Issue 8 |

On Ausbausprachen and Abstandsprachen: How do you define a language?

by on September 20, 2016

आज तीन घंटे बारिश हुई, सड़कों पर पानी जमा हो गया

0808 perso-arabic script

The sentences above, the first in the Devanagari script, the second in the Perso-Arabic script, both mean ‘it rained for three hours today, water built up on the roads’. Both are also, incidentally, pronounced in the exact same manner — ‘āj tīn ghanṭe bārish huī, saṛkon par pānī jamā ho gayā’. Puzzlingly, despite being identical in pronunciation and meaning, they are written in two different ‘languages’ — the former in Hindi, the latter in Urdu.

Hindi and Urdu are formal standards of the same dialect, linguists usually hyphenate them as a single language, ‘Hindi-Urdu’, or simply refer to it as Hindustani. The two are not only similar, but virtually identical in grammar, syntax, and informal vocabulary. Visible differences only begin to show in discussions of a decidedly technical nature. In such situations, standard Urdu taps into Persian and Arabic, while Hindi borrows (or re-borrows) words from Sanskrit. In everyday conversations and popular culture, the two are very difficult to tell apart. ‘Hindi’ and ‘Urdu’ were interchangeable terms until the early 20th century, the idea that they are distinct languages emerged along with inter-communal politics in the region. After the British administration made Urdu the sole official language of the northern provinces of India, resentment arose against what was seen as a ‘Muslim’ language, with its Perso-Arabic vocabulary and script. The new standard of Hindi with its Sanskrit-based formal vocabulary and indigenous script was the ‘Hindu’ alternative (National Council for Promotion of the Urdu Language, 2007).
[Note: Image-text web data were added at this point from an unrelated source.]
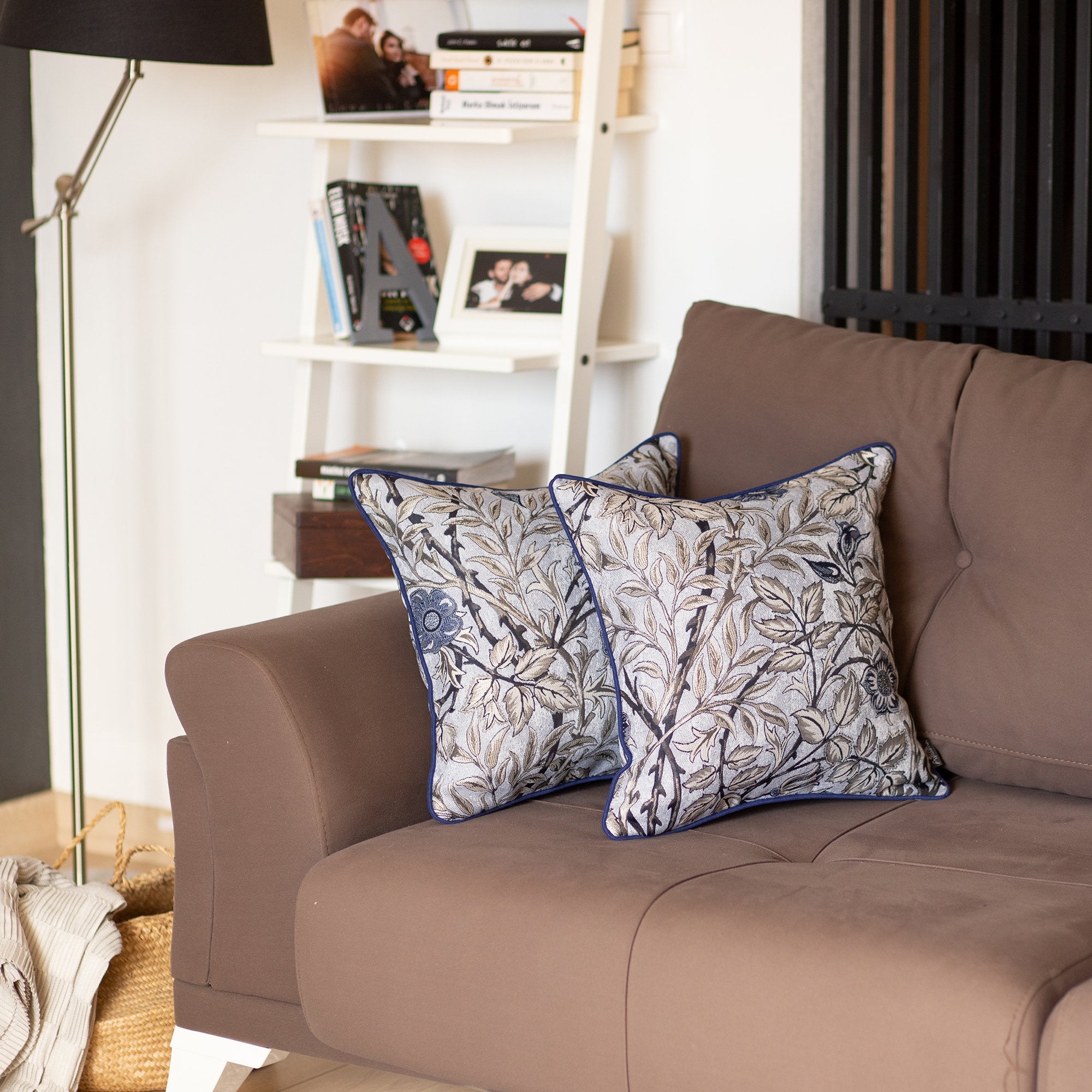 Set Of 4 17" Jacquard Leaf Throw Pillow Cover In Blue-Accent Throw Pillows-DECOROLALA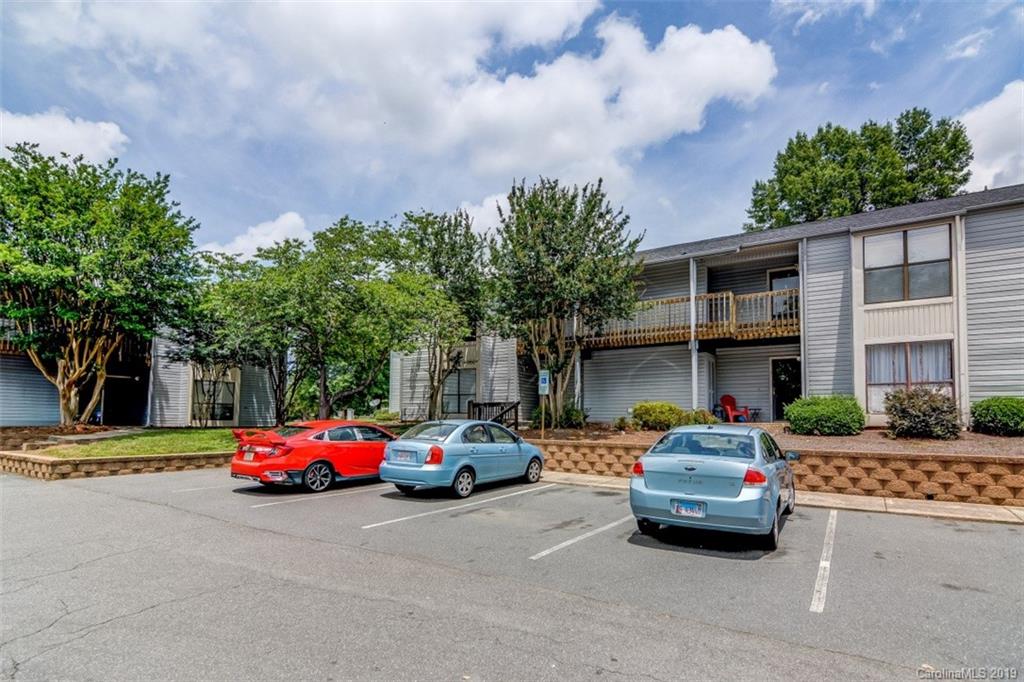 11153 Harrowfield Road Charlotte, NC 28226 - Photo 4 of 31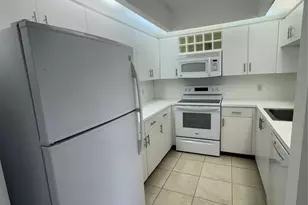 300 SW 130th Terrace, Pembroke Pines, FL 33027 - Photo 7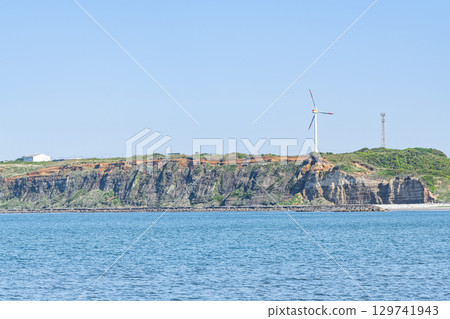 Choshi City, Chiba Prefecture - A famous tourist spot: Byobuura, with its sheer cliffs and wind turbines 129741943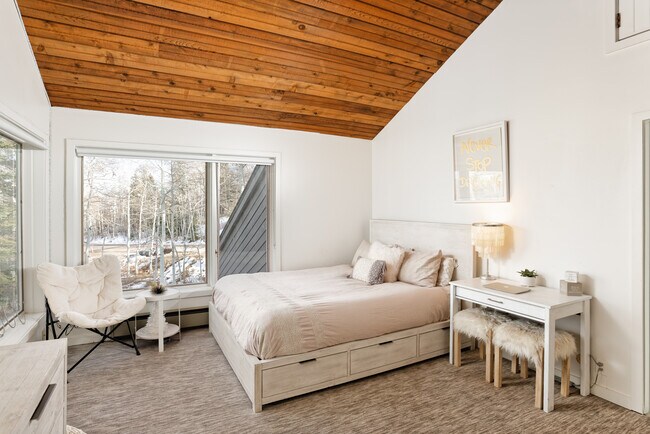 Building Photo - 34 Stellar Ln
Yet, publicly professing the idea of a single ‘Hindi-Urdu’ language can invite very passionate dissent from speakers. An ethnic Punjabi from Lahore who speaks Urdu as a second language will vehemently defend its status as a ‘separate language’ from Hindi, even as she watches Indian Hindi-language films with perfect comprehension. A native Hindi speaker from New Delhi will be similarly resolute in his defence of the separateness of his native language from the national language of Pakistan, even though he faces no language barrier while talking to Pakistanis he may meet while on a trip to London. Language rests on faith here, often literally.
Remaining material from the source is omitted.